05022024Thu
Last updateFri, 26 Apr 2024 12pm

Advertising

rectangle placeholder

Infant bus wreck survivor grew into feisty young girl

Concha Rosales had perhaps sixteen years the day she sent her bay gelding up into the portales of the Rooster’s Soul pulqueria to confront a bocon (loudmouth) who had insulted her. No one could remember any female ever doing something like that. And certainly it was hard to recall seeing such a mature, short-tempered male challenged like that by a sixteen year old. Just about everyone who knew the Rosales family well thought Concha was fiften or sixteen; they didn’t really know for sure.

Because the child who became Concha was the sole survivor when a rattling, hard-used bus that went over the mountain side of a zig-zagging dirt road, no one really knew her age, or her name. Nine days after the accident, Guadalupe (“Lupe”) Rosales had gone to the presidencia municipal (county seat), to see if anyone had claimed the wreaks’ single survivor. An unscathed female infant had been found in the ruins of the naufrago. Because it was the end of the wet season and the driver’s seat, the steering wheel, motor and several passenger seats had landed in a rain-filled arroyo, the Guadalajara journalist who wrote a vivid report of the bus-wreck used a shipwreck noun to give some flavor to the story. He was probably bored by yet another bus wreck. They were very common occurances then, especially during rainy season.

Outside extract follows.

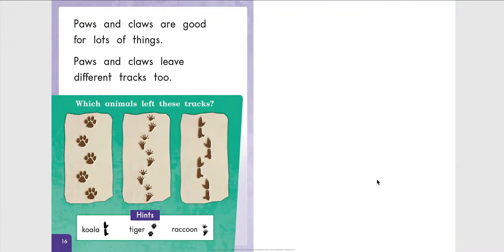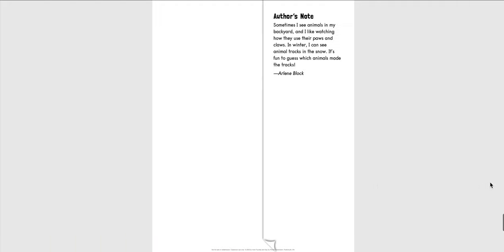Paws and claws are good for lots of things. Paws and claws leave different tracks too. Which animal left these tracks? This is a koala pattern track. This is a tiger pattern track. And this is a raccoon pattern track. I hope you enjoyed this story.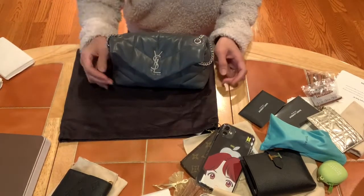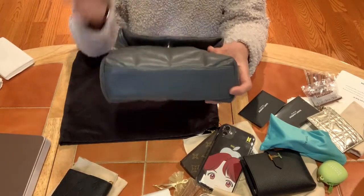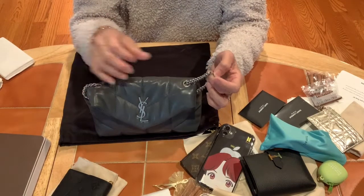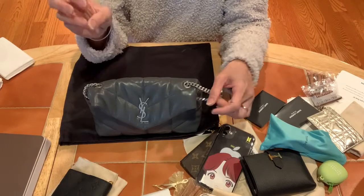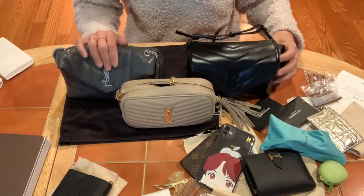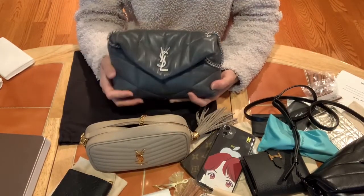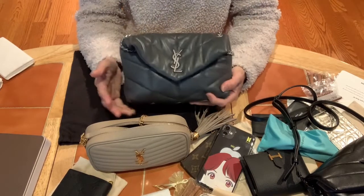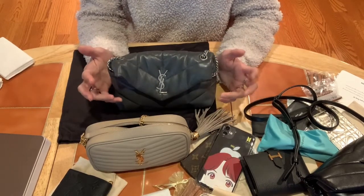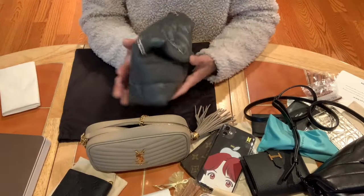I really like this bag. It's in dark gray with a slight green undertone, and the hardware is an antique silver — not shiny. I already have the Toy Lulu in gold hardware and the Toy Camera in all black, so when I saw this one I said 'Oh my God, I love it.' I don't have any gray bag and I didn't have anything like this from Saint Laurent yet, so that's why I picked it up. I'm so happy because they gave me the old price and I know I'll use this a lot.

Lupe and her husband, Chema Rosales — then an acquaintances of mine —had a friend working in the presidencia, and they were given the infant. The child had been temporarily placed with a relative of the presidente municipal. But that woman had nine children, including a baby of her own — which was why she could breast feed the bus wreck survivor.  And why she was pleased to pass the infant orphan along to someone else.

Those circumstances became the veiled, and odd, “birth story“ of Concha in the Chema Rosales family. An exceptional beginning.

I didn’t know any of this until later, when I was working with Chema. Concha, early on as small girl, was said to have a suspicious relationship with “duendes.” Duendes are elf-like beings that hung out in thickets of brush. Legend said that they were most active, and often dangerous, in the rainy season. They could cast spells, sometimed good, sometimes evil, on those that attracted their attention, or aggravated them somehow. But when Concha was thee or four she played in the portil (colt pasture) near the barn. It was a field that had thickets of brush lined with long-spined huisache bushes growing along the fencing.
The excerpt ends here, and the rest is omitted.